I didn't know a shadowcast could fit in the bed of a truck. I thought it was much more boat-ish.


----------



## paint it black (Nov 3, 2007)

> I didn't know a shadowcast could fit in the bed of a truck. I thought it was much more boat-ish.


You'd be surprised with the 16' SC. But it's not in the same. It'll definitely fit in the back of a full size truck though. Sticking out as any Gheenoe would, though.
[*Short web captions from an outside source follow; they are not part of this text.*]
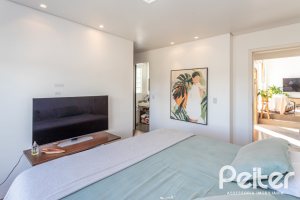 Casa à venda com 164m², 3 dormitórios, 1 suíte, 2 vagas, no bairro Ipanema em Porto Alegre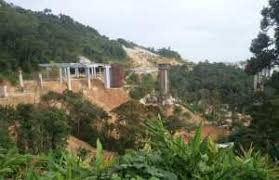 Hujan lebat sejak awal petang semalam yang bertembung dengan air pasang dikesan sebagai antara punca mengakibatkan banjir buruk di pulau. Kejadian Tanah Runtuh Archives Malaysiagazette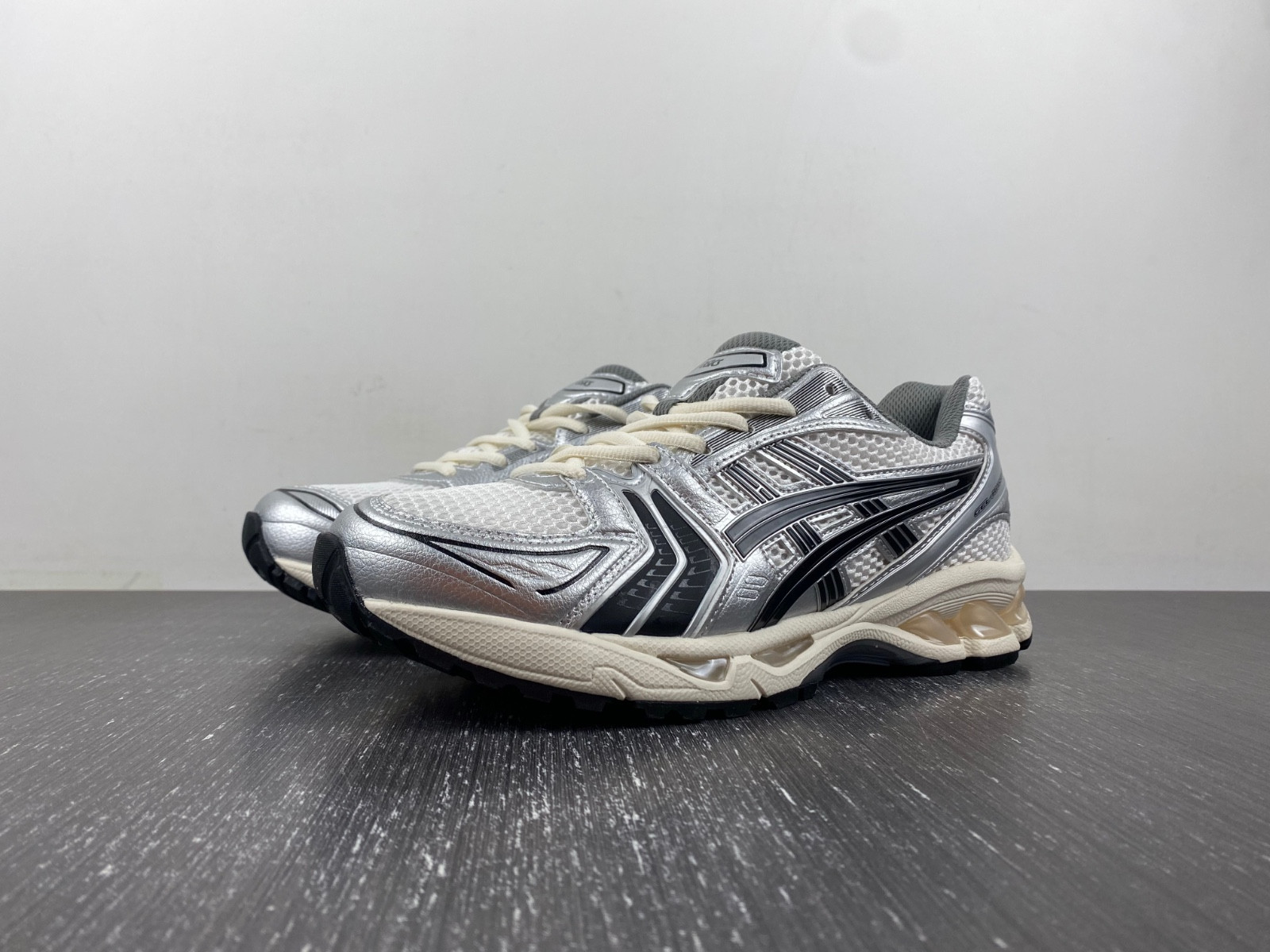 As*ic*s gel-kayano 14  1201a457-101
I don't think there's a big enough market for someone to make a boat in this class. HB tried with the Skate and failed. I don't know what ever happened to the Venganza 13, but it may have been bigger.


----------



## skinny_water (Jun 11, 2008)

Gheenoe


----------



## Blue Zone (Oct 22, 2011)

Paint It Black mentioned the Venganza 13; I think they are still around at least their site is. Cool looking little boat...


----------



## Rediculous (May 5, 2012)

> > I didn't know a shadowcast could fit in the bed of a truck. I thought it was much more boat-ish.
> 
> 
> You'd be surprised with the 16' SC. But it's not in the same. It'll definitely fit in the back of a full size truck though. Sticking out as any Gheenoe would, though.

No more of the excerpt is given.